MIPS Argument Passing

The MIPS function calling convention uses registers $a0-$a3 for passing arguments down to functions. If there are more than four, the remaining arguments are passed on the stack. How is this mixed with the normal stack managing? Each argument gets one word of stack space (Why one word?). Suppose we are trying to write in MIPS assembler a program like this:

int dark_blue (int lvl, int hp, int mp, int str, int agl, int spd, int wit, int vit, int ftg) {
        int a;
        a = spd;

int light_blue () {
        int c, d, e;
        dark_blue (c, d, 43, 62, 25, 99, 47, 29, 1);

Procedure dark_blue has nine integer arguments. The first four arguments are placed on $a0-$a3 as expected. The remaining arguments are "spilled" onto the stack as part of the caller's (light_blue) stack frame. In other words, light_blue, not dark_blue, must allocate the space needed for the remaining arguments.

Figure 2 shows this stack management method. light_blue now allocates space in the stack for its variables and the arguments that it will use to call dark_blue. We can see in Figure 2 (middle) that it allocates space for 9 words: 4 for its own consumption, and 5 more for the spilled arguments in calling dark_blue

light_blue eventually calls dark_blue that then allocates space for its own variables. Figure 2 (right) shows that dark_blue has allocated space for 2 words. Note that dark_blue can access to the 5 arguments by accessing to the beginning of the stack reserved by its caller process (light_blue).
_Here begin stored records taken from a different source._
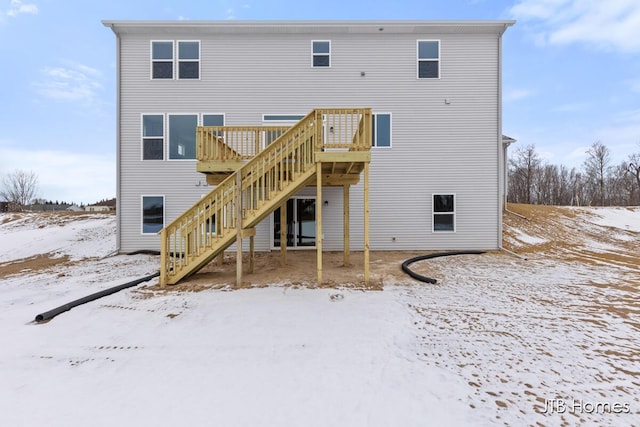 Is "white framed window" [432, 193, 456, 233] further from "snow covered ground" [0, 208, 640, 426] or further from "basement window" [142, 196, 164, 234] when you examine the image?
"basement window" [142, 196, 164, 234]

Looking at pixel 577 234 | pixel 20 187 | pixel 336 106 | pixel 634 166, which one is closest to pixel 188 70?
pixel 336 106

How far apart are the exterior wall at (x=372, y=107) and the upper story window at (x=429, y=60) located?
193 mm

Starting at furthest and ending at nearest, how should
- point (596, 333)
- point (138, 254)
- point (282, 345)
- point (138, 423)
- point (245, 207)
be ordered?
point (138, 254), point (245, 207), point (596, 333), point (282, 345), point (138, 423)

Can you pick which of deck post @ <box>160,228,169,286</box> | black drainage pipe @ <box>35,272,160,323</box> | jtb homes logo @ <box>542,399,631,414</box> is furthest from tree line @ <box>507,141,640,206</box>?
black drainage pipe @ <box>35,272,160,323</box>

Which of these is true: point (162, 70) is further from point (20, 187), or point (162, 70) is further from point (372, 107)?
point (20, 187)

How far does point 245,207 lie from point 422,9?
10.3 metres

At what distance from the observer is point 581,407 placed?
7.90 feet

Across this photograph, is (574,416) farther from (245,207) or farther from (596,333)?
(245,207)

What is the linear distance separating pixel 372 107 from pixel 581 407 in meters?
9.29

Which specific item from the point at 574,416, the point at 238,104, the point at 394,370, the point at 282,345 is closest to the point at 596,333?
the point at 574,416

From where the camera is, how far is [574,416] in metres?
2.31

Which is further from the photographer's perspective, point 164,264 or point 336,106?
point 336,106

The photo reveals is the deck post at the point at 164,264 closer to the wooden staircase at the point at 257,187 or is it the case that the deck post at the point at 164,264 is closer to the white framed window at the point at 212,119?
the wooden staircase at the point at 257,187

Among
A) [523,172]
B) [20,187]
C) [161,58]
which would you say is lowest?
[20,187] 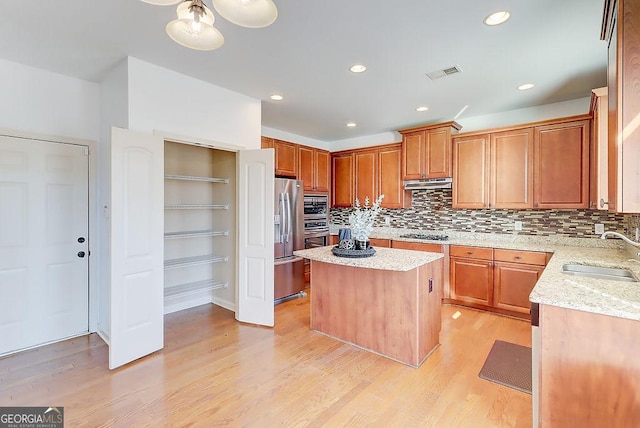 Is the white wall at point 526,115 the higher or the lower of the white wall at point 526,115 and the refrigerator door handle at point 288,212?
the higher

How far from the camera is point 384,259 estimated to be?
2656 mm

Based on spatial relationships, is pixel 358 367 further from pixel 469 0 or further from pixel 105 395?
pixel 469 0

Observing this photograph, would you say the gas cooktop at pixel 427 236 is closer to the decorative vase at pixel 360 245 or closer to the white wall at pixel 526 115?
the white wall at pixel 526 115

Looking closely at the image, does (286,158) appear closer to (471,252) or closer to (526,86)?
(471,252)

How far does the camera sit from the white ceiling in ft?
6.57

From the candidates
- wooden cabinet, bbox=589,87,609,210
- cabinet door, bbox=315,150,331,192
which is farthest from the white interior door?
wooden cabinet, bbox=589,87,609,210

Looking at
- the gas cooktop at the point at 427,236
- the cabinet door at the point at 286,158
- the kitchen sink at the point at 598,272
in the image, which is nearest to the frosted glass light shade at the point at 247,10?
the kitchen sink at the point at 598,272

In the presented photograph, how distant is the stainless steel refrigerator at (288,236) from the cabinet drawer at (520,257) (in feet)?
8.40

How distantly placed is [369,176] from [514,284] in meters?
2.63

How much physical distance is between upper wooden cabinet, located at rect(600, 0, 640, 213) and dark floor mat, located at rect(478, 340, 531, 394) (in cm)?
152

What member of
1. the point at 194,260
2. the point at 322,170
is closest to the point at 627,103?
the point at 194,260

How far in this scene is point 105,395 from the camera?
2168 mm

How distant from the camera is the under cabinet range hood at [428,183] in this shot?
14.3 feet

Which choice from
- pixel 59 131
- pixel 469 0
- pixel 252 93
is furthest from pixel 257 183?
pixel 469 0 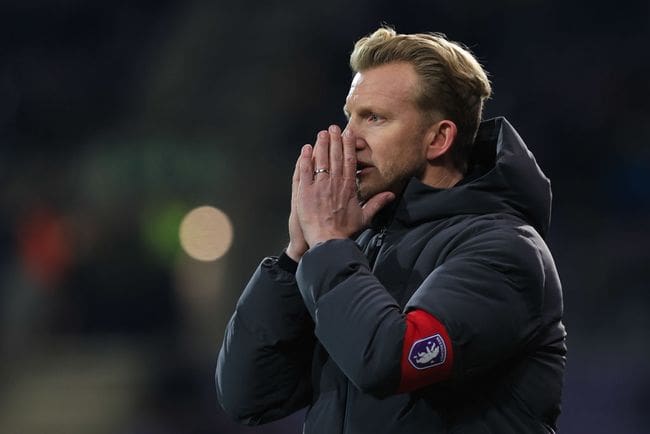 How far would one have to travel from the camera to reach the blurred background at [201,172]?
18.7 feet

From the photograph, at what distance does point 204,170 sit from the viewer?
7.19 m

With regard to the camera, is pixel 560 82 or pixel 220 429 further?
pixel 560 82

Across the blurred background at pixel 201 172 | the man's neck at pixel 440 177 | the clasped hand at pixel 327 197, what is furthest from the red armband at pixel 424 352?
the blurred background at pixel 201 172

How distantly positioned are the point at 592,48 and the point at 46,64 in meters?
4.83

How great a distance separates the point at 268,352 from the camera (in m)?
1.90

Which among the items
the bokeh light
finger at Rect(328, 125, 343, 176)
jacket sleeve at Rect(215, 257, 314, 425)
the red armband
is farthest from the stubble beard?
the bokeh light

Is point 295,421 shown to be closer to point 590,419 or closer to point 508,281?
point 590,419

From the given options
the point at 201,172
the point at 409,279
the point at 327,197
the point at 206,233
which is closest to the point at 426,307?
the point at 409,279

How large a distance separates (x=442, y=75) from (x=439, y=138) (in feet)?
0.43

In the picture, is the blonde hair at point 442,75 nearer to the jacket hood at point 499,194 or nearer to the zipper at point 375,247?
the jacket hood at point 499,194

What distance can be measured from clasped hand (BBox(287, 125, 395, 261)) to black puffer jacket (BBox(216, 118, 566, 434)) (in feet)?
0.23

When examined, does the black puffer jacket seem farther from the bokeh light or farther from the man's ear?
the bokeh light

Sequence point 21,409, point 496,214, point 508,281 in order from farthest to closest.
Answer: point 21,409 < point 496,214 < point 508,281

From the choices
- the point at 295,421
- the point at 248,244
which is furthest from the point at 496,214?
the point at 248,244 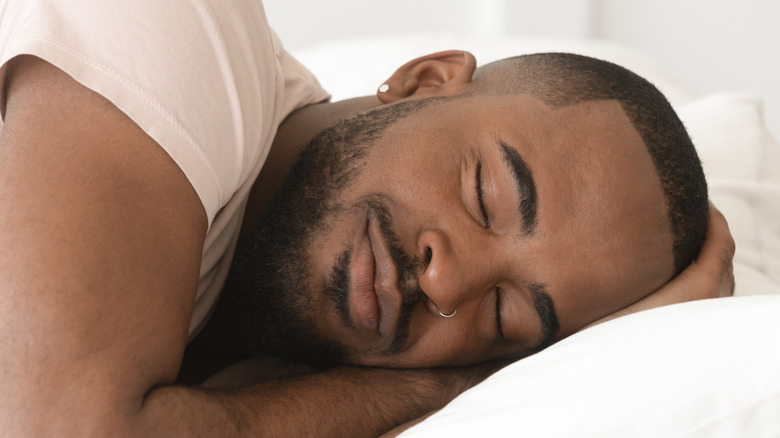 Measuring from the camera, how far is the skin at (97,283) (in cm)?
83

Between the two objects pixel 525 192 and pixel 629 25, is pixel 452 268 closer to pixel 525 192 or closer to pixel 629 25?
pixel 525 192

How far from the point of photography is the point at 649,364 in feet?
2.39

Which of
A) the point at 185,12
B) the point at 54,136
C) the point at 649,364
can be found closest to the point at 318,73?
the point at 185,12

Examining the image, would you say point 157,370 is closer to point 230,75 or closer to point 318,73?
point 230,75

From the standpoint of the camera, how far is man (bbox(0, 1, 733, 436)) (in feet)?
2.84

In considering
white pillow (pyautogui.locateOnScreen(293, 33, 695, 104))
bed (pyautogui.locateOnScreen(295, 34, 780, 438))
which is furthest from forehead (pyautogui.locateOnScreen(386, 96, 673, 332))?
white pillow (pyautogui.locateOnScreen(293, 33, 695, 104))

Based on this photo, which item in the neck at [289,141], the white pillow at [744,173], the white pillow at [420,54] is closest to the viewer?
the neck at [289,141]

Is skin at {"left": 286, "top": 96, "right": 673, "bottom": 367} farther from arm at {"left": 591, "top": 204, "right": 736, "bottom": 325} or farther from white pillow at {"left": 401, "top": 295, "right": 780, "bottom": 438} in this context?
white pillow at {"left": 401, "top": 295, "right": 780, "bottom": 438}

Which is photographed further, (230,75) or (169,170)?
(230,75)

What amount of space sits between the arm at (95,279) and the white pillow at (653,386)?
11.0 inches

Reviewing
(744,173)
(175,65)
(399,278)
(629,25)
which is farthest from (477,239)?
(629,25)

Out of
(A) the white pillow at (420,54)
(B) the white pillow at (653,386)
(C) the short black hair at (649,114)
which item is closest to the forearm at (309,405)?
(B) the white pillow at (653,386)

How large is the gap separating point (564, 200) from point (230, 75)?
48 centimetres

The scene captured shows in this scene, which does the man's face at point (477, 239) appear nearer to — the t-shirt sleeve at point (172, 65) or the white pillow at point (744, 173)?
the t-shirt sleeve at point (172, 65) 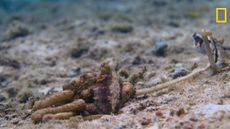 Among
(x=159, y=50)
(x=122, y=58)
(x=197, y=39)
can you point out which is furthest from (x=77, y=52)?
(x=197, y=39)

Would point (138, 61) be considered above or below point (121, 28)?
below

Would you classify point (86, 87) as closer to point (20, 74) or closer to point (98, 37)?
point (20, 74)

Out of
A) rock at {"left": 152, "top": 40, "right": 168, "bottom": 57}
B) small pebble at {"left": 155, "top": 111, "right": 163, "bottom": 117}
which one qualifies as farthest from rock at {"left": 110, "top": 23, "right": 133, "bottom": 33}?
small pebble at {"left": 155, "top": 111, "right": 163, "bottom": 117}

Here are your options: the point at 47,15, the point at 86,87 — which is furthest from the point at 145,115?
the point at 47,15

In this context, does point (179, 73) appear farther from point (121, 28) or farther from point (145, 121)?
point (121, 28)

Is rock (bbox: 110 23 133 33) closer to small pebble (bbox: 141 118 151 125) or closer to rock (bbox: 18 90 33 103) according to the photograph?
rock (bbox: 18 90 33 103)

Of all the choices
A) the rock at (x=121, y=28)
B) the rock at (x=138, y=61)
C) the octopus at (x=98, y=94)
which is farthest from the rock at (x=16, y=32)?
the octopus at (x=98, y=94) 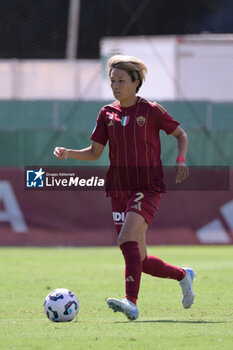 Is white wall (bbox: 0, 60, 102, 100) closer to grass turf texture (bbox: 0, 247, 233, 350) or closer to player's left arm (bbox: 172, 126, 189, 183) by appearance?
grass turf texture (bbox: 0, 247, 233, 350)

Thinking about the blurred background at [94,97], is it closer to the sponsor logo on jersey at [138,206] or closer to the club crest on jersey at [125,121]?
the club crest on jersey at [125,121]

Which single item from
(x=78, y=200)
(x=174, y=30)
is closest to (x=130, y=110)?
(x=78, y=200)

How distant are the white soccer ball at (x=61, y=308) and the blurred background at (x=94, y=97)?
9473mm

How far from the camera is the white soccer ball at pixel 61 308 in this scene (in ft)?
22.1

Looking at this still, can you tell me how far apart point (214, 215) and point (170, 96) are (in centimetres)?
660

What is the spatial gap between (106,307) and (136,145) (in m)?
1.68

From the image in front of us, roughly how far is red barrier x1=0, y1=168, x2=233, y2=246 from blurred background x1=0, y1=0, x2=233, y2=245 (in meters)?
0.02

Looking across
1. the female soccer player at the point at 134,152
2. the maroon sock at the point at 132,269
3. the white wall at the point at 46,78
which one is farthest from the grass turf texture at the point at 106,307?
the white wall at the point at 46,78

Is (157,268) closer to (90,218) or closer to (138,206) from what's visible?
(138,206)

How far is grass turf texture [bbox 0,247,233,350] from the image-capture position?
18.5 feet

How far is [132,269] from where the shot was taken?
6.68 meters

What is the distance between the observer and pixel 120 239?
22.2 ft

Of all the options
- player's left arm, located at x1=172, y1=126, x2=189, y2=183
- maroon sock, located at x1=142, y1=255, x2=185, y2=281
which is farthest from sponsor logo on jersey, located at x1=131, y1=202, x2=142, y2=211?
maroon sock, located at x1=142, y1=255, x2=185, y2=281

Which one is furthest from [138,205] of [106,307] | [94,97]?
[94,97]
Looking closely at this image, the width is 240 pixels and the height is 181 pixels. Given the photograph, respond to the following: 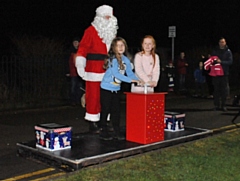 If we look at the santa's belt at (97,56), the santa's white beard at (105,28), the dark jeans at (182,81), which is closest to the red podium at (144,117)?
the santa's belt at (97,56)

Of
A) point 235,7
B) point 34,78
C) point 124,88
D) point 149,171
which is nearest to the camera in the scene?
point 149,171

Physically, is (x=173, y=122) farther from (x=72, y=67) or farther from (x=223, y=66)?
(x=72, y=67)

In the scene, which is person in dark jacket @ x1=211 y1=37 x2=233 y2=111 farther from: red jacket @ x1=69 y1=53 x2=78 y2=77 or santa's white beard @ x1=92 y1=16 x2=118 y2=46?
santa's white beard @ x1=92 y1=16 x2=118 y2=46

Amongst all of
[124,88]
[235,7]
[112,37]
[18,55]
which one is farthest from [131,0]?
[112,37]

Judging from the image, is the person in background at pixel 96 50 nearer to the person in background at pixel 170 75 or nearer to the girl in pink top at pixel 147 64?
the girl in pink top at pixel 147 64

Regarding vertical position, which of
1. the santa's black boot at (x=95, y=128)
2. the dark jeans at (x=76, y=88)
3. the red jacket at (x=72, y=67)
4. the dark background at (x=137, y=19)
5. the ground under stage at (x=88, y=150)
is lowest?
the ground under stage at (x=88, y=150)

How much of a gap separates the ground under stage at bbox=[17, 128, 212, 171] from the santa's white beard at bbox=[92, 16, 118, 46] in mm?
1734

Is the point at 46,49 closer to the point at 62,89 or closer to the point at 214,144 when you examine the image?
the point at 62,89

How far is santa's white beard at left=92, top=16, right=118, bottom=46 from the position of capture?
313 inches

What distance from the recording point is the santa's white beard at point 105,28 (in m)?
7.95

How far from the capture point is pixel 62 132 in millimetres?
7125

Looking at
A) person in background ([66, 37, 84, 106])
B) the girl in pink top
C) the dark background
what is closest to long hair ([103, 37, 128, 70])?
the girl in pink top

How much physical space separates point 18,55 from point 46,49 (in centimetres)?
96

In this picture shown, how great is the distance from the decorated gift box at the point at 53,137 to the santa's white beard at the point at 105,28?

Figure 1: Stack with spilled arguments

The 5 spilled arguments (patterned light-blue stack) are located at the lower addresses of light_blue's stack frame.

That is, light_blue will use 0($sp) to store the argument agl, 4($sp) to store the argument spdy, and so on. Therefore, dark_blue will use 8($sp) to access to the argument agl, 12($sp) to access to the argument spd, and so on.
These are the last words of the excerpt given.